L’entusiasmo c’è tutto e non stupisce. Se il piano illustrato ieri dal premier Matteo Renzi dovesse andare in porto, a trovarsi quasi un centinaio di euro in più in busta paga ogni mese, cioé un migliaio in più all’anno, saranno più di un milione di veneti. I lavoratori dipendenti che contano su un reddito inferiore ai 26 mila euro annui (cioé 1500 euro al mese) sono infatti un milione e mezzo e di questi, poco più di 300 mila sono i cosiddetti incapienti (cioè quelli che non pagano l’Irpef perché sotto i seimila euro all’anno).
Restano dunque, secondo i primi calcoli del governo, un milione e ducentomila lavoratori dipendenti (su i quasi due milioni del Veneto) che potranno contare su più soldi per far quadrare i conti di casa e spendere di più. Non è un caso che il Veneto (insieme alla Lombardia, all’Emilia Romagna e alla Toscana) sia uno dei territori maggiormente beneficiato dal piano Renzi. L’obiettivo del governo è quello di far ripartire i consumi dando più liquidità alla classe media che è la più tartassata (in rapporto alla capacità di spesa) dal fisco italiano.

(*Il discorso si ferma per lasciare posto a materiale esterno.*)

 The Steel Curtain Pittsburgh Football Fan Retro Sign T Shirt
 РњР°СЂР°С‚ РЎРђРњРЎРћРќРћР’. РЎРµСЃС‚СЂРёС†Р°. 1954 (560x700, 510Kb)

Del peso di questa manovra sono consapevoli anche gli industriali veneti che, fin dall’inizio, hanno sperato che il governo desse priorità ai redditi dei dipendenti piuttosto che vedersi tagliata una quota di Irpef. Il motivo è presto detto: se insieme all’iniezione di liquidità ai consumi verranno pagati i debiti della pubblica amministrazione, le imprese si troveranno di fronte a un aumento delle commesse e alla parziale sterilizzazione dei debiti con i fornitori e con le banche. I due strumenti insieme permetterebbero quindi di rilanciare anche la produzione e gli investimenti facendo uscire il paese dalla palude della crisi.

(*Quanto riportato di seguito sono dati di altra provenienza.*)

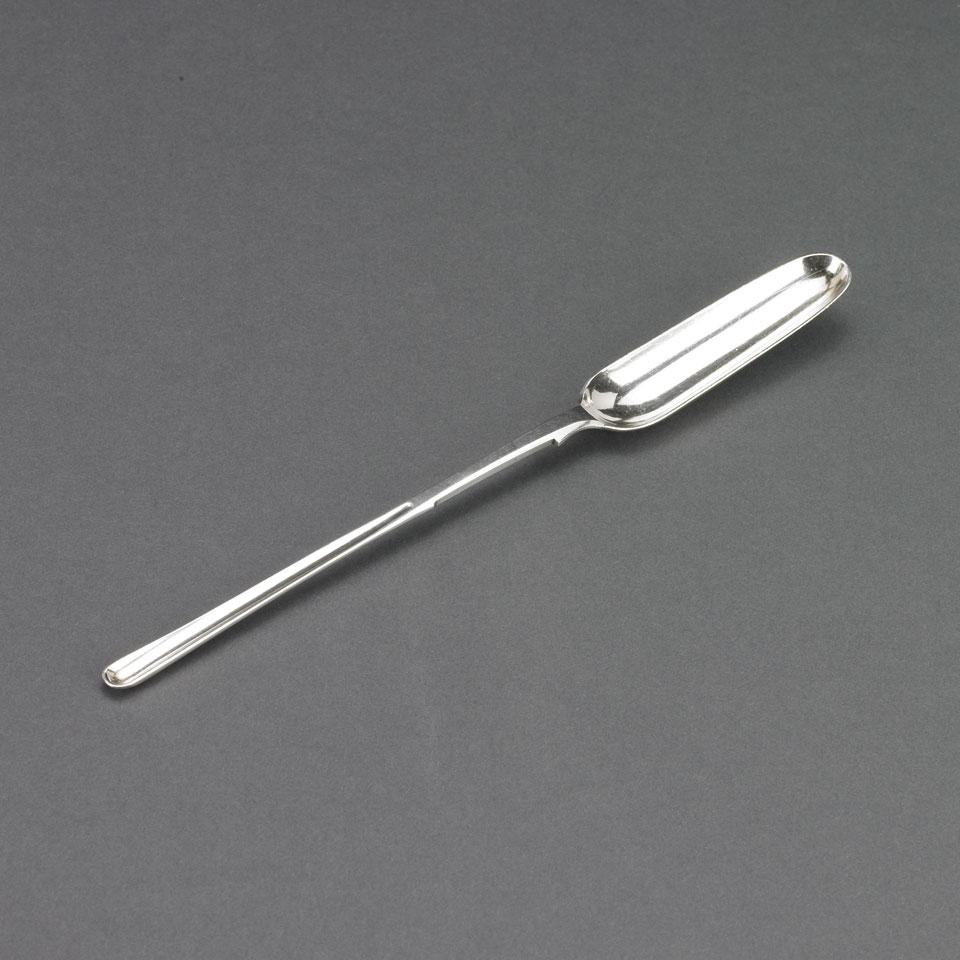 Canadian Silver Marrow Scoop, probably Montreal, early 19th century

I condizionali però sono d’obbligo. Renzi ha l’indubbio merito di aver dato una speranza ai veneti – nella regione più litigiosa d’Italia non si era mai visto imprenditori, sindacati, esperti di lavoro, sindaci e insegnanti tutti d’accordo – ma ha anche ipotecato le speranze dei cittadini che non vogliono nemmeno pensare alla possibilità che il piano si infranga sulla mancanza di copertura finanziaria o sulle regole contabili dell’Europa. Per dare una misura di quanto contino i sogni, basta vedere che a palazzo Chigi sono già arrivate le richieste di 97 sindaci per ristrutturare (e ridare dignità) ad altrettante scuole venete, gli entusiasmi degli imprenditori pronti nuovamente ad investire anche grazie allo sconto sull’energia elettrica (secondo la Cgia, se si conferma il taglio del 10% una piccola impresa manifatturiera risparmierà più di ottomila euro all’anno) e i complimenti dei sindacati che finalmente si sentono ascoltati.
A dare copertura (verbale) a questi sogni dei veneti ieri ci ha pensato il sottosegretario all’Economia Pier Paolo Baretta. «Non intendiamo utilizzare l’intero margine del deficit e non supereremo il 3% – dice l’esponente del Pd – Il grosso della manovra per dare più soldi ai lavoratori dipendenti sarà basato sulla spending review».